BEGIN Dataset extract

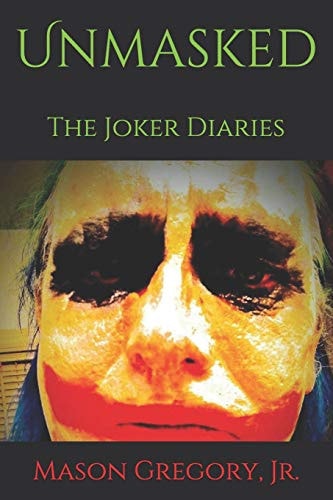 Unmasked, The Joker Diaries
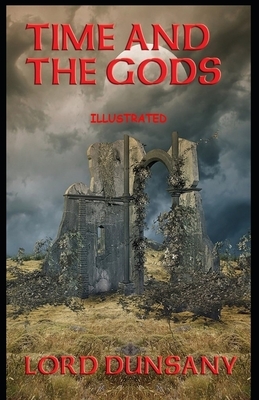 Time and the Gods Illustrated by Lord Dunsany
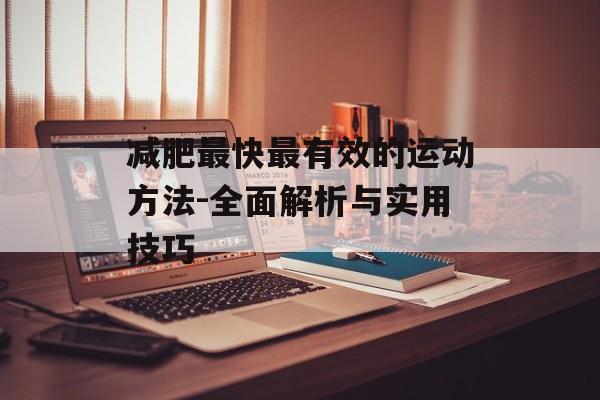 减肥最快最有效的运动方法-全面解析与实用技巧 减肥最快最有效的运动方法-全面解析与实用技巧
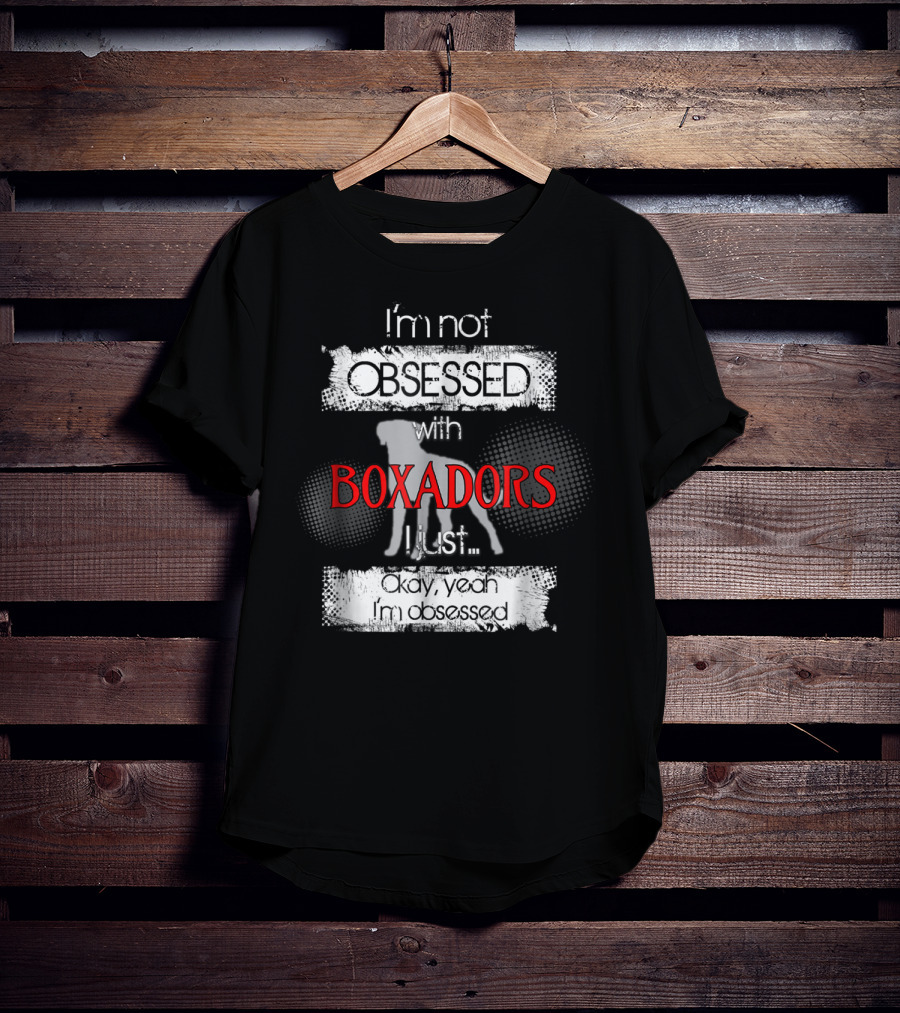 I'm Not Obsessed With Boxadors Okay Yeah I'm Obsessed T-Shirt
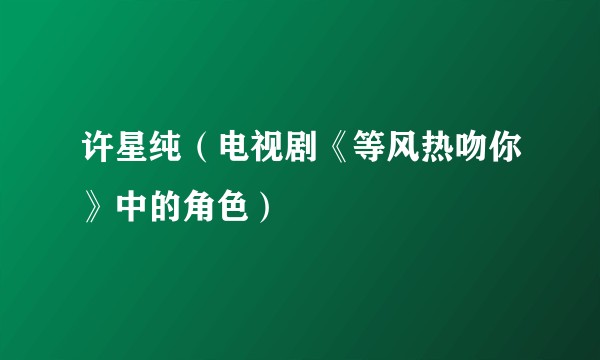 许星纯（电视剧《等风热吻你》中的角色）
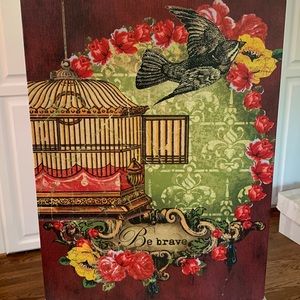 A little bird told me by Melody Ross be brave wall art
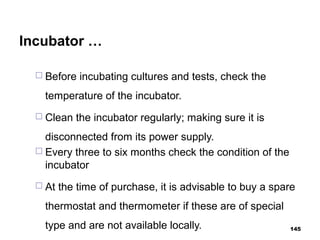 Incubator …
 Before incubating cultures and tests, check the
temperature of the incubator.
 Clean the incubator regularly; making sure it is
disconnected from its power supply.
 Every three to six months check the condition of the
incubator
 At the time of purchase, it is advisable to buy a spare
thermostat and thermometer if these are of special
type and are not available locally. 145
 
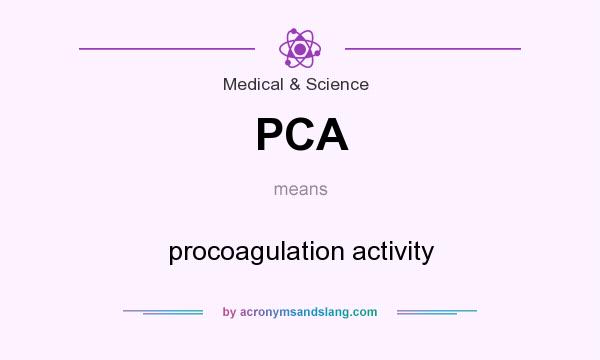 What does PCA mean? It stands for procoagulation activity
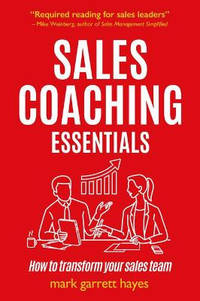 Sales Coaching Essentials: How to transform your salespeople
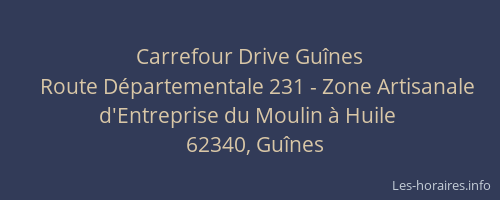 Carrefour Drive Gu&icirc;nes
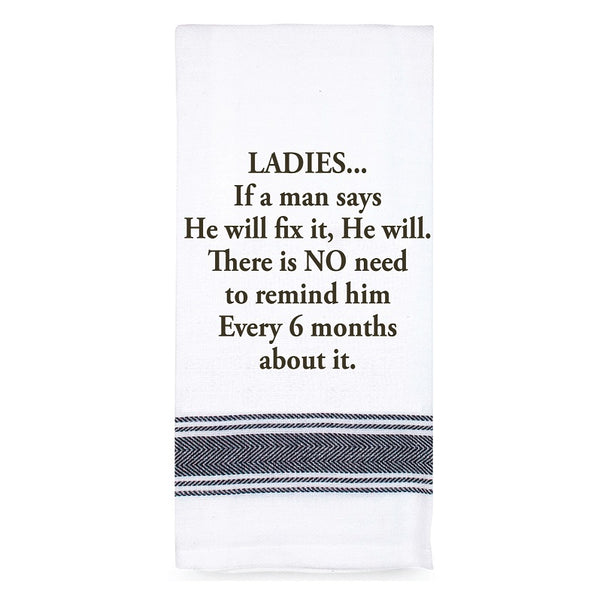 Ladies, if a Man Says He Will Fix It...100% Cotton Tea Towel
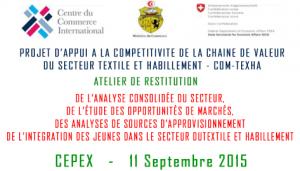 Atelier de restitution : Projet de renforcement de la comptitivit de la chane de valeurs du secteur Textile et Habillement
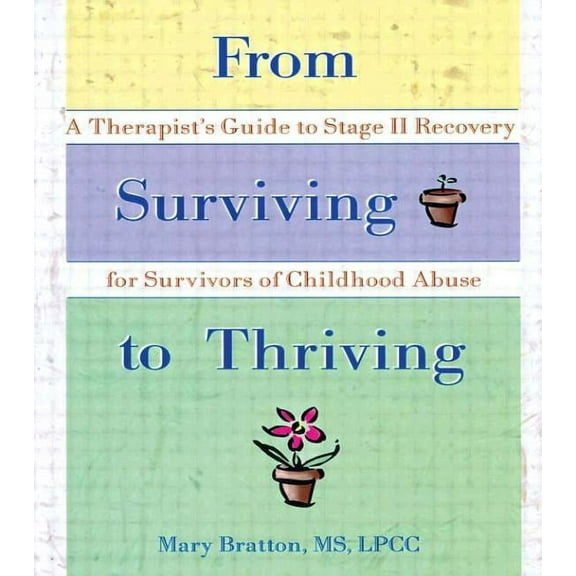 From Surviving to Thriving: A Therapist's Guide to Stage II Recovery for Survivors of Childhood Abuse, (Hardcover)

END Dataset extract
BEGIN Dataset extract

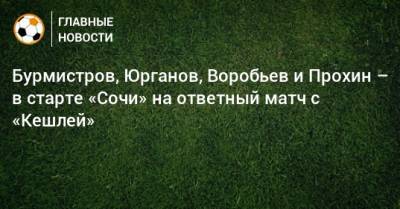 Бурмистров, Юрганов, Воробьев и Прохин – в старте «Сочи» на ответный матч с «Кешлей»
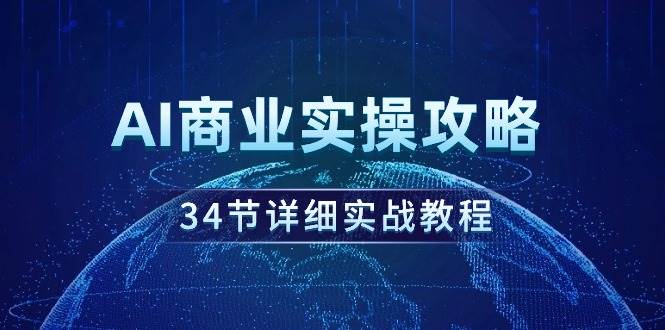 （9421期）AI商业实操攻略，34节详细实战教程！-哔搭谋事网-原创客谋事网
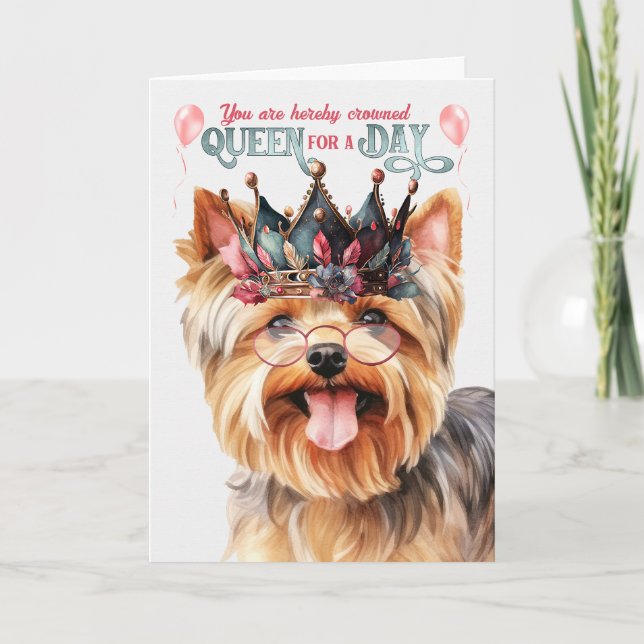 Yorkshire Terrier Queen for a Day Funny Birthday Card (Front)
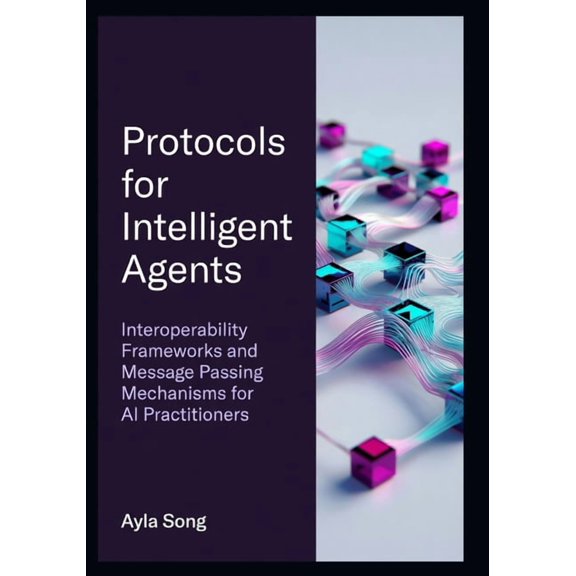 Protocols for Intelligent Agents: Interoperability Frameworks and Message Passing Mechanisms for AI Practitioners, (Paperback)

END Dataset extract

Everything above from the line with "type and are not available locally. 145" through the line with "From Surviving to" should be retyped exactly, and nothing else; omit pictures.

__Answer to this exercise__
type and are not available locally. 145
 
 What does PCA mean? It stands for procoagulation activity
 Sales Coaching Essentials: How to transform your salespeople
 Carrefour Drive Gu&icirc;nes
 Ladies, if a Man Says He Will Fix It...100% Cotton Tea Towel
 Atelier de restitution : Projet de renforcement de la comptitivit de la chane de valeurs du secteur Textile et Habillement
 From Surviving to Thriving: A Therapist's Guide to Stage II Recovery for Survivors of Childhood Abuse, (Hardcover)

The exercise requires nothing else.